Le chantier poétique de Jacques Sivan (1955-2016) est certainement l’un des plus passionnant qu’il nous est donné d’explorer. Inventeur d’une écriture motléculaire (une écriture désaffublée des conventions et des codes contre lesquels l’auteur nous invite à résister), Jacques Sivan réinvente une langue qui reflète la complexité plurielle du monde tout en témoignant de son rapport au monde, de son expérience de vivre. Ici la poésie est pensée en action. Je vis mon écriture comme une façon de voir et, inversement, l’action de voir comme mon mode d’écriture le plus intime, le plus vrai. On ne voit pas seulement avec les yeux mais avec tous les sens et aussi, dans tous les sens. Le corps est donc un dispositif sensitif complexe en perpétuelle mutation. Voir/écrire est un acte indissociable, dans la mesure où l’écriture est toujours un processus de réécriture, un processus d’ajustage des continuels écarts des/du sens.
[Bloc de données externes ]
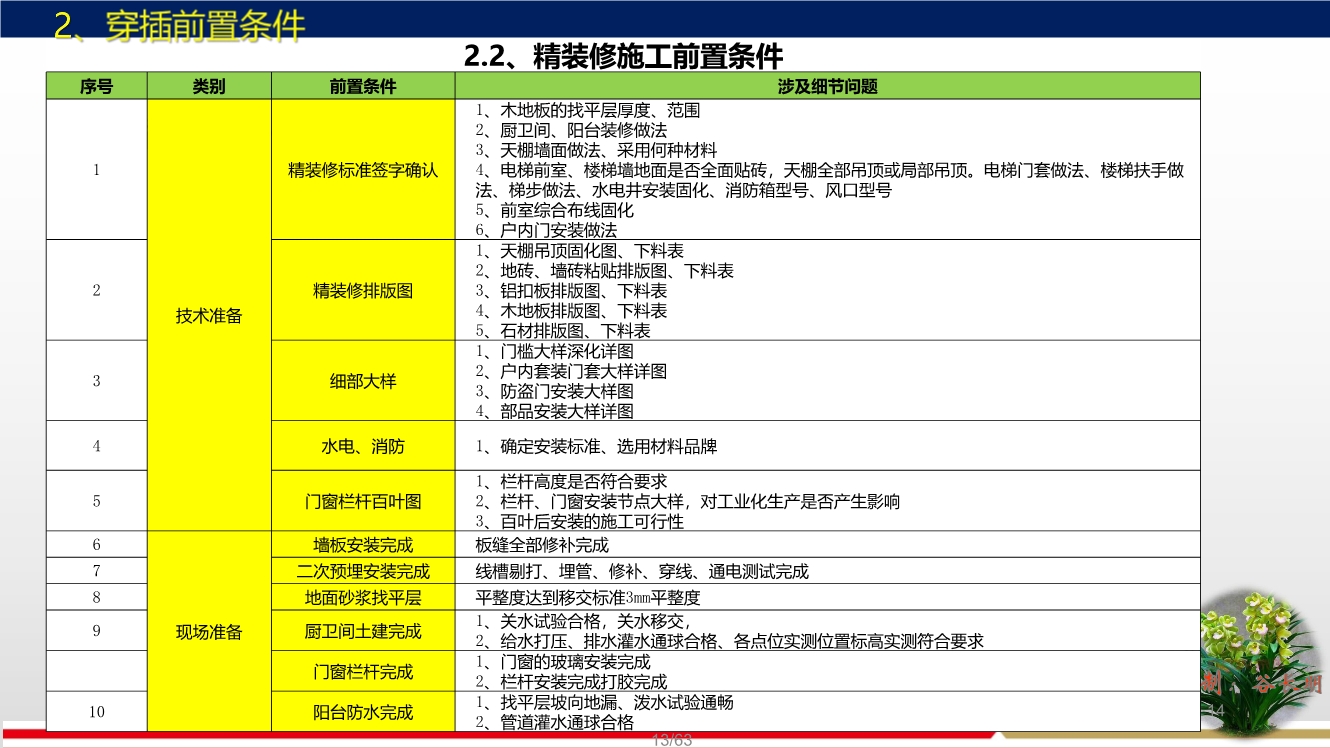 落实穿插提效工艺，合理优化施工工期，实现两提一减（提质量、提效率、减人工）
Cet ouvrage, qui continue autrement ce chantier, donne à lire un important choix de textes écrits entre 1983 et 2016, sorte de bibliothèque portative qui permet d’appréhender toute la singularité de cette œuvre. En ouverture, les préfaces de Vannina Maestri, Jennifer K. Dick, Jean-Michel Espitallier, Emmanuèle Jawad, Luigi Magno et Gaëlle Théval nous offrent quelques pistes de lecture pour mieux aborder cette poésie hors du commun, notamment en pointant les liens affirmés entre cet univers poétique et ceux d’ainés tels que Denis Roche, Raymond Roussel, Charles Olson, Maurice Roche ou Marcel Duchamp…
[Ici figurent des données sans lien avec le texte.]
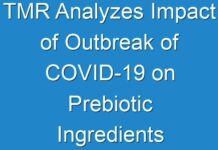 TMR Analyzes Impact of Outbreak of COVID-19 on Prebiotic Ingredients Market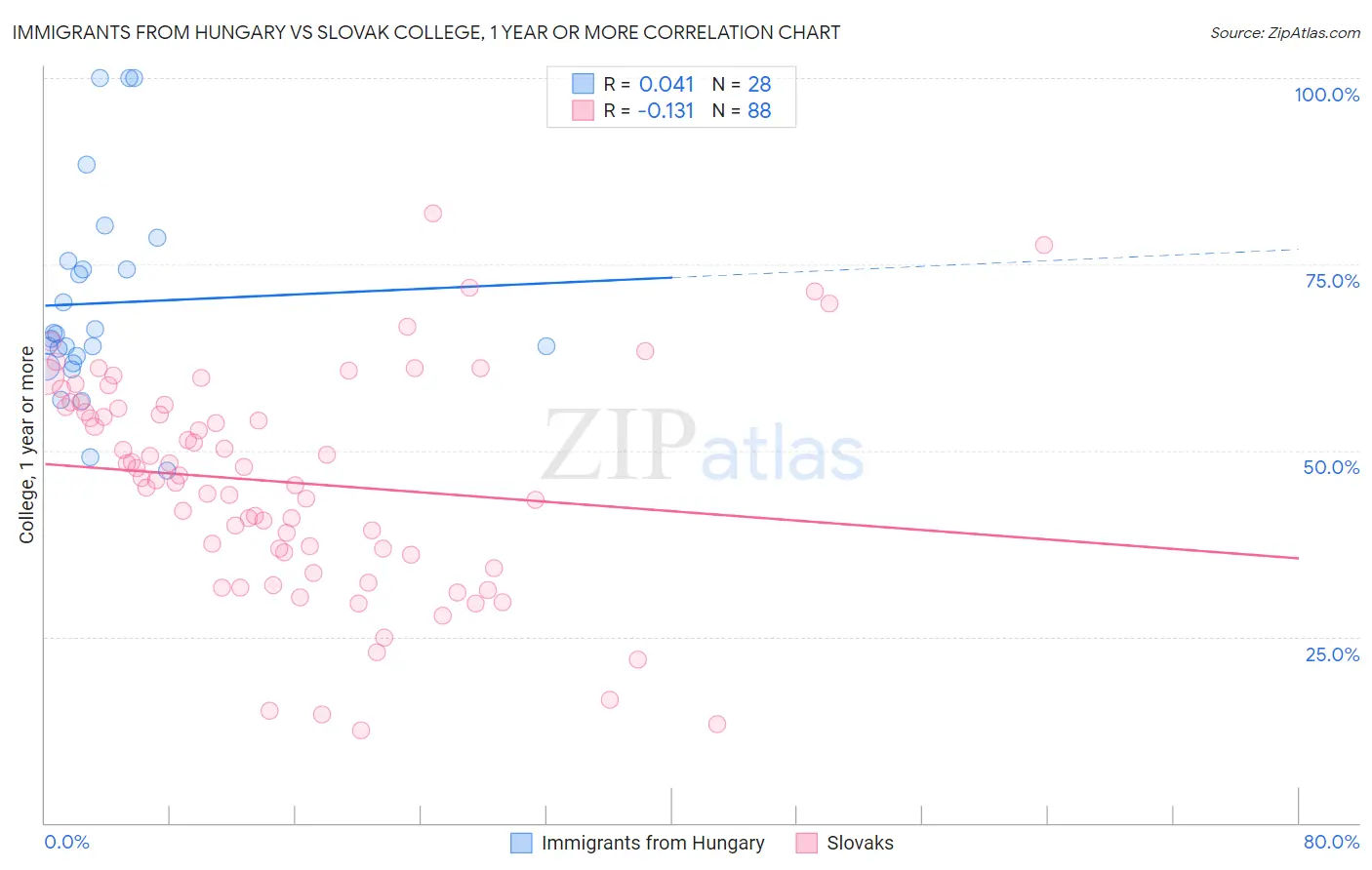 Immigrants from Hungary vs Slovak College, 1 year or more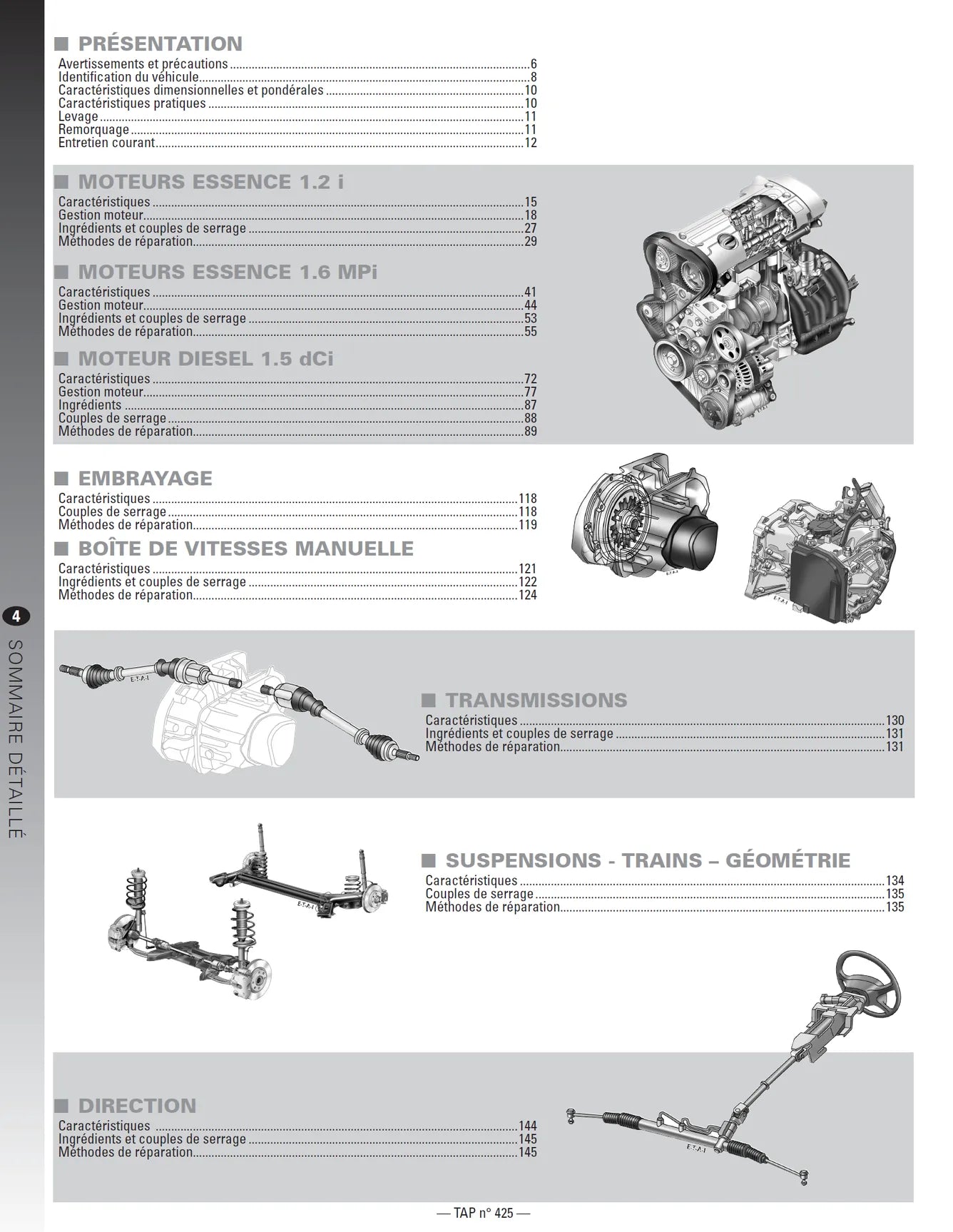 Dacia Sandero I (2008 - 2012) essence et diesel - Revue Technique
Ouvrage publié avec le concours du CERCC, à la suite de la Master Class organisée à l’ENS de Lyon le 15 mars 2017
Éditer un tel volume pour saluer une œuvre importante de ces trois dernières décennies (Jacques Sivan : 1955-2016) est tout à l’honneur des éditions Al Dante, à nouveau pilotées par son fondateur Laurent Cauwet : de la belle ouvrage, pour les yeux comme pour les oreilles ! Mais nulle folie : ce ne sont point des œuvres complètes, mais un choix de textes parus en revues et/ou en volumes entre 1983 et 2016 (textes intégraux ou extraits : Album photos, Le Bazar de l’Hôtel de ville, Sadexpress, Similijake, Des vies sur deuil polaire, Alias Jacques Bonhomme, Pendant Smara...).
Les textes liminaires, signés Vannina Maestri, Emmanuèle Jawad, Jennifer K. Dick, Gaëlle Théval, Luigi Magno et Jean-Michel Espitallier, constituent une excellente ouverture sur la poétique de Jacques Sivan : l’écriture motléculaire ressortit à un art du montage, à une poésie du dispositif, au ready-made duchampien (G. Théval). Ni complètement phonétique, ni complètement glossolalique, c’est un idiolecte qui remet en question la lisibilité ambiante, se veut critique jusqu’à revêtir une dimension politique évidente, comme dans Le Bazar de l’Hôtel de ville. Des "blocs d’écritures" pour exprimer "des fragments de réalités" (V. Maestri) : c’est dire que cette écriture pose la question de la "difficile appréhension" du monde (cf. E. Jawad).]